About the Publisher (#litres_trial_promo)

Part One

chapter 1 (#ulink_482c7681-c7d5-5d40-b170-f5166d48ccb7)

I don’t know how long it was before I fully woke up, but when I did everything felt different. My eyes opened and for a moment it seemed that I must have been hit on the head. There was no pain at all but a face loomed above me. A manly face. Rugged. Unfamiliar. Concerned. I wanted him to save me, but straight away I noticed that there was worry in his expression and sadness in his eyes. He asked me a question but I didn’t really hear it. I felt terrified. Why was he looking at me that way? Then he asked me again, and this time I did hear: ‘Can you move your feet for me, sweetheart?’ I had no choice but to answer with a question of my own, because I didn’t understand what was happening. Where were they? Where were my feet and my legs? Where was the rest of my body?

He was far too old to be my boyfriend. Not only that, he was too short as well. More seriously, though, he was also too wild. He’d been in trouble with the police, he was long-term unemployed and he was unquestionably Not Good Enough for me. In summary, he was all the things that inflame anxious parents when their naïve and impressionable fourteen-year-old daughters get involved with unsuitable nineteen-year-old boys. But I was fifteen by now, and I knew better.

I was also a very good actress, as my drama teacher had often commented upon. I was good in my role as a tough biker’s girlfriend, without any need for the sort of parental concern that might impede my swaggering exterior. Yes, I loved my mum and dad—cherished them more than anything else in the world, truth be known—but to show my devotion just wouldn’t have been cool.

And my parents knew just how to deal with me. They’d been through all the stages wise parents go through and opted for what seemed the most sensible option. Having voiced their opinions and found me less than receptive, they did what was probably the best thing to do: apart from ensuring we were chaperoned wherever possible, they kept their disapproval on a non-confrontational level and simply waited for me to do what they trusted I would.

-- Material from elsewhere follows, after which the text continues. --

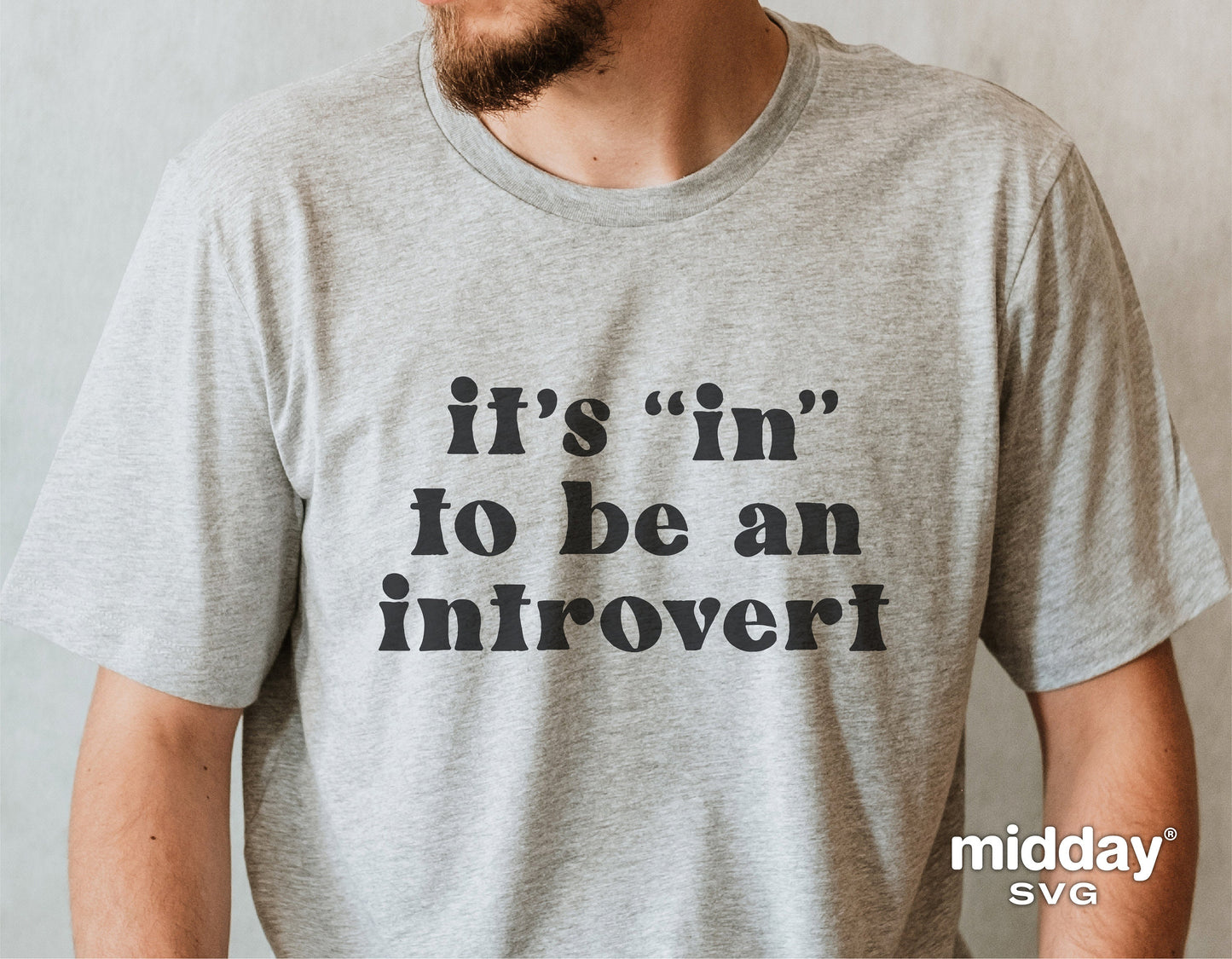 Gray t-shirt with 'It's "in" to be an introvert' text, showcasing funny sarcastic design from Midday SVG.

Grow out of it—out of him—if left to do so.

And they’d been right to feel confident. We’d been together almost a year. I was fifteen now, and through a combination of both time and circumstance I was beginning to do exactly that. Not for any of the reasons my parents had cited. Just because I was beginning to feel the first real stirrings of…well, of not needing him any more, I suppose.

Which, in hindsight, is often the way these things work. Older guy takes younger girl under his wing, gives her attention and confidence and a proper sense of self, and so, by whichever law governs such things, makes himself redundant in the process.

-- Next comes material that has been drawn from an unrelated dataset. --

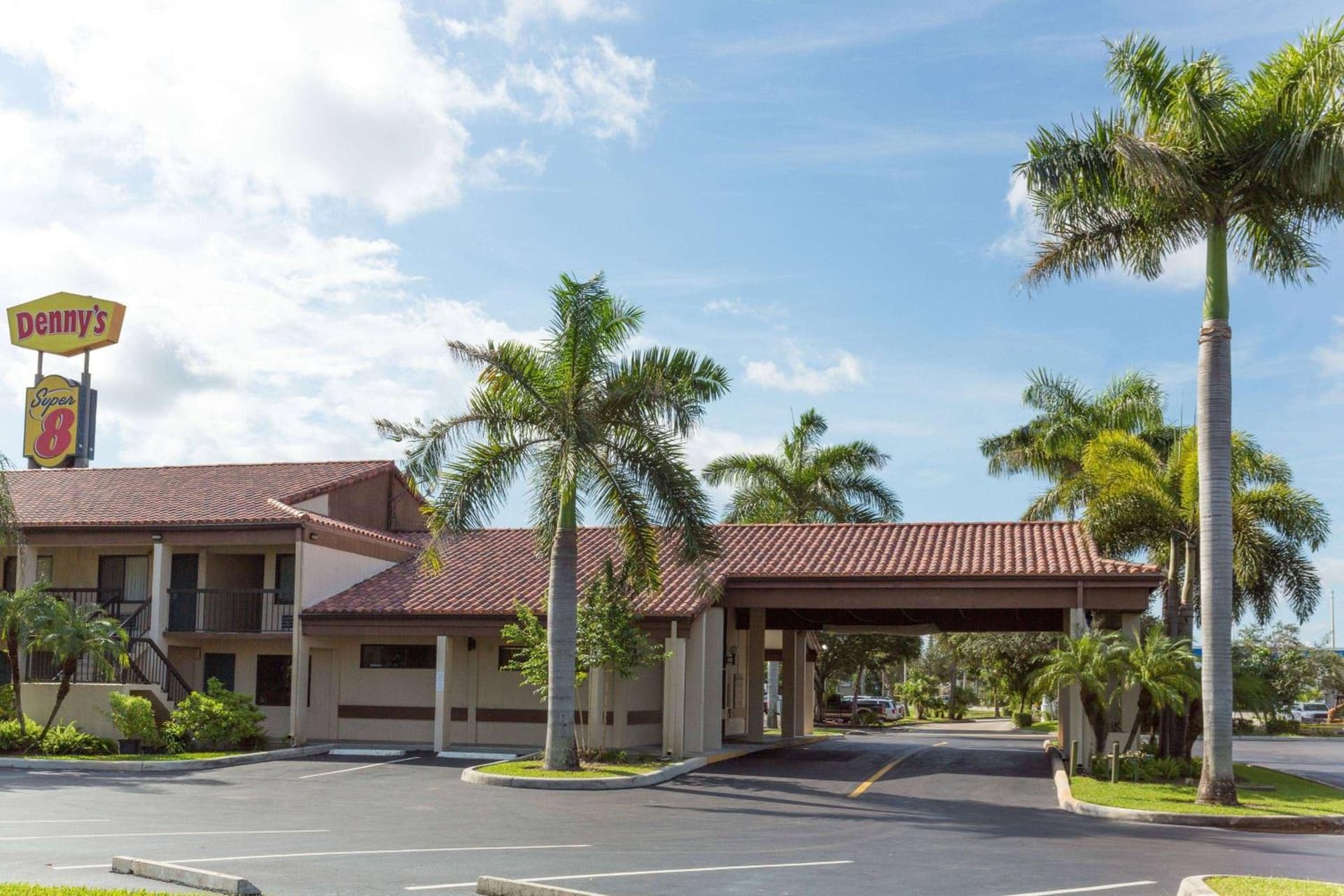 Super 8 by Wyndham Riviera Beach West Palm Beach featured exterior or lobby in Riviera Beach, FL — similar hotel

But for the moment, at least, we were still together. Still a couple, despite my knowing, even then, that this state of affairs wasn’t permanent. Something testified by a still livid scar across my biceps—the result of the removal of a DIY tattoo, which my parents had organised at hideous expense.

The tattoo had read ‘Aldo’. He’d be here in half an hour. I’d better hurry up and get ready.

Lots of things happened on 10 May 1980. It being a Saturday, various matches were won and lost. In London, Trevor Brooking led West Ham to a 1-0 defeat of Arsenal, and over in the States the Houston Astros beat the Atlanta Braves at baseball. Most notably, however, an irritable Mount St Helens was having a bit of a tantrum and limbering up for what, a week later, would end 130 long years of peace and quiet and become the worst volcanic disaster in the history of the United States.

None of these, however, would have been uppermost in my mind, even had I known they were happening. All I knew—all that mattered—was that today was Saturday, which meant no school, no hassle and a trip out on the back of Aldo’s bike, a 750cc Honda. A group of us—Aldo and I, plus his friend John and my best friend Juli—were off to Porthcawl for the day.

I checked the time, spent some minutes carefully applying make-up, then scrutinised myself in the mirror. My hair was freshly washed and my face newly painted. I looked, I decided, not too bad. Not something I’d much been accustomed to thinking; unlikely as it might seem for a girl of my height (just under six feet), I was altogether more used to feeling bad about myself, the legacy of years of relentless bullying, and the accompanying stress of a change of school and thus friends. But a great deal had changed in a very short time. Much as Aldo had been key to my growing self-confidence, it had been a fashion show at school that had really inspired me. I was tall. I was slim. I had loved my moment in the spotlight. And though I wasn’t so naïve as to think that the world was my catwalk, I had begun to feel at last that I had choices.

But that was for the future. Right now, I had nothing more pressing to think about than what to wear. I grabbed jeans, a stripy T-shirt and my suede stiletto boots. I yanked them on and skipped down the stairs.

Dad was in the living room, reading the paper. I joined Mum in the kitchen. She looked up. Then up and down. Then she sighed. ‘I do wish you weren’t going out on that bike today, Mel.’

‘I’ll be fine, Mum,’ I answered, as I habitually did. She sniffed.

‘Well, your dad and I don’t like it.’

‘I know,’ I said again. ‘But I’ll be fine. Stop worrying.’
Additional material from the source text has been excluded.